* [Problem]: Where the listing below reaches the line containing "características de los microorganismos", start writing out lines exactly, and stop once the line containing "8610 N Farm" has been written.

* [Dataset]:
####################

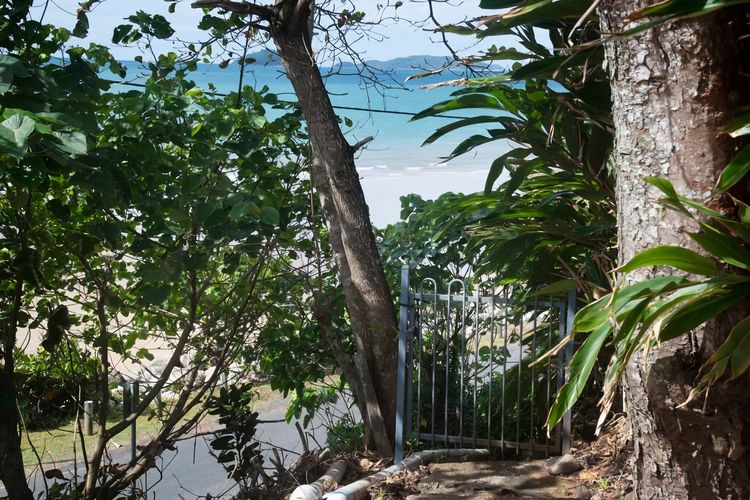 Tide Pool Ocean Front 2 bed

####################

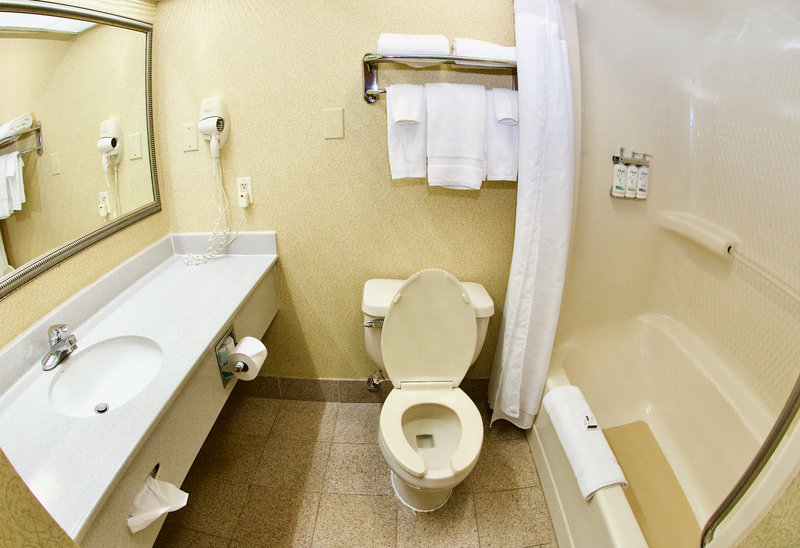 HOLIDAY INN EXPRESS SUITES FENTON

####################

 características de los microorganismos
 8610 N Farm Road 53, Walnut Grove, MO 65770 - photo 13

####################

* [Response below]:
 características de los microorganismos
 8610 N Farm Road 53, Walnut Grove, MO 65770 - photo 13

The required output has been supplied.